==== Records to process ====

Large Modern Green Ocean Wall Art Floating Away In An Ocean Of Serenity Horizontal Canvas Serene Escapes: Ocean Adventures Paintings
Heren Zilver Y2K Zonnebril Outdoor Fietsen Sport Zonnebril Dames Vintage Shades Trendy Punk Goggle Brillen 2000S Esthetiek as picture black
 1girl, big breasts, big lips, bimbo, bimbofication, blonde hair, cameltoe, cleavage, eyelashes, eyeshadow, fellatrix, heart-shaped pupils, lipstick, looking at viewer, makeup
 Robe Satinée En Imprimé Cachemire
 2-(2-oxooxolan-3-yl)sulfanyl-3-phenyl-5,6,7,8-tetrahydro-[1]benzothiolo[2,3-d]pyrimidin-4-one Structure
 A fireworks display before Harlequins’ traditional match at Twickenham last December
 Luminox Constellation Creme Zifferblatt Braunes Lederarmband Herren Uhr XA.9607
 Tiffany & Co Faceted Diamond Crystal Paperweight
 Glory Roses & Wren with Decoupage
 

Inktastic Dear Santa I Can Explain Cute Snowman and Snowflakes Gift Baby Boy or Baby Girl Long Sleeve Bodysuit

====

= Task to complete =
Every entry, from first to last, is to be reproduced exactly.

= Completed task =
Large Modern Green Ocean Wall Art Floating Away In An Ocean Of Serenity Horizontal Canvas Serene Escapes: Ocean Adventures Paintings
Heren Zilver Y2K Zonnebril Outdoor Fietsen Sport Zonnebril Dames Vintage Shades Trendy Punk Goggle Brillen 2000S Esthetiek as picture black
 1girl, big breasts, big lips, bimbo, bimbofication, blonde hair, cameltoe, cleavage, eyelashes, eyeshadow, fellatrix, heart-shaped pupils, lipstick, looking at viewer, makeup
 Robe Satinée En Imprimé Cachemire
 2-(2-oxooxolan-3-yl)sulfanyl-3-phenyl-5,6,7,8-tetrahydro-[1]benzothiolo[2,3-d]pyrimidin-4-one Structure
 A fireworks display before Harlequins’ traditional match at Twickenham last December
 Luminox Constellation Creme Zifferblatt Braunes Lederarmband Herren Uhr XA.9607
 Tiffany & Co Faceted Diamond Crystal Paperweight
 Glory Roses & Wren with Decoupage
 

Inktastic Dear Santa I Can Explain Cute Snowman and Snowflakes Gift Baby Boy or Baby Girl Long Sleeve Bodysuit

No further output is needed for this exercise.